Transcribe the listing verbatim. Do not carry over any pictures.

- Collected material:
########################################
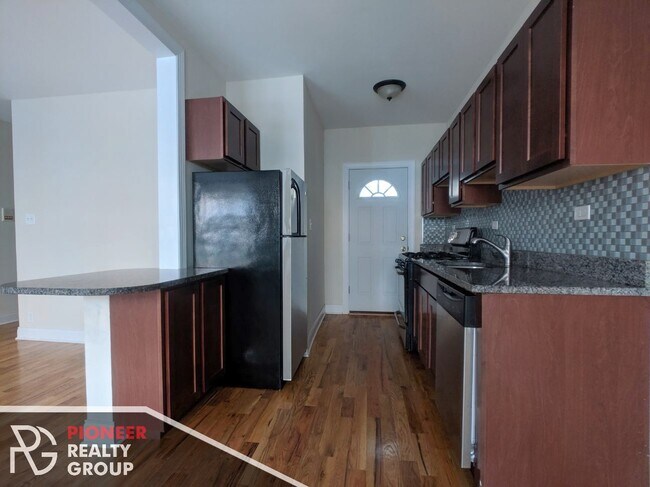 Foto del edificio - 624 W Cornelia Ave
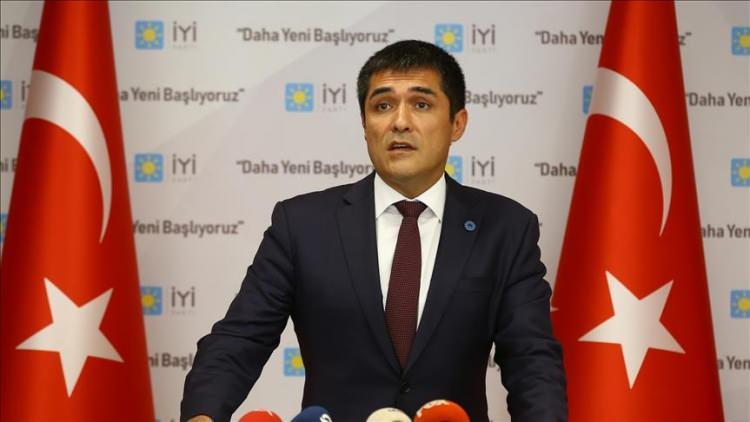 <p>İstanbul milletvekili Mehmet Satuk Buğra Kavuncu İstanbul Büyükşehir Belediye Başkanlığı için aday olmuştu.</p>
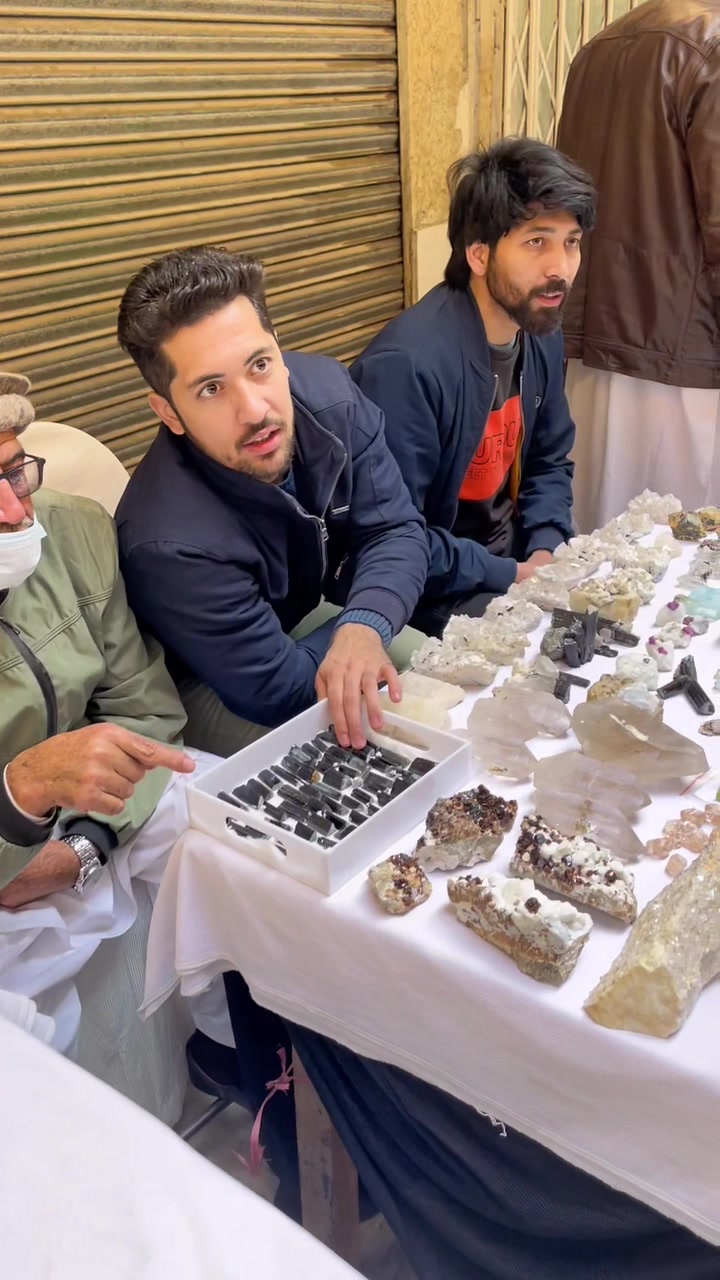@Khushall Gems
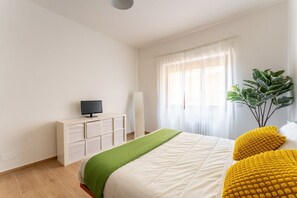 1 bedroom, iron/ironing board, travel cot, WiFi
########################################
- Output of the exercise:
 Foto del edificio - 624 W Cornelia Ave
 <p>İstanbul milletvekili Mehmet Satuk Buğra Kavuncu İstanbul Büyükşehir Belediye Başkanlığı için aday olmuştu.</p>
@Khushall Gems
 1 bedroom, iron/ironing board, travel cot, WiFi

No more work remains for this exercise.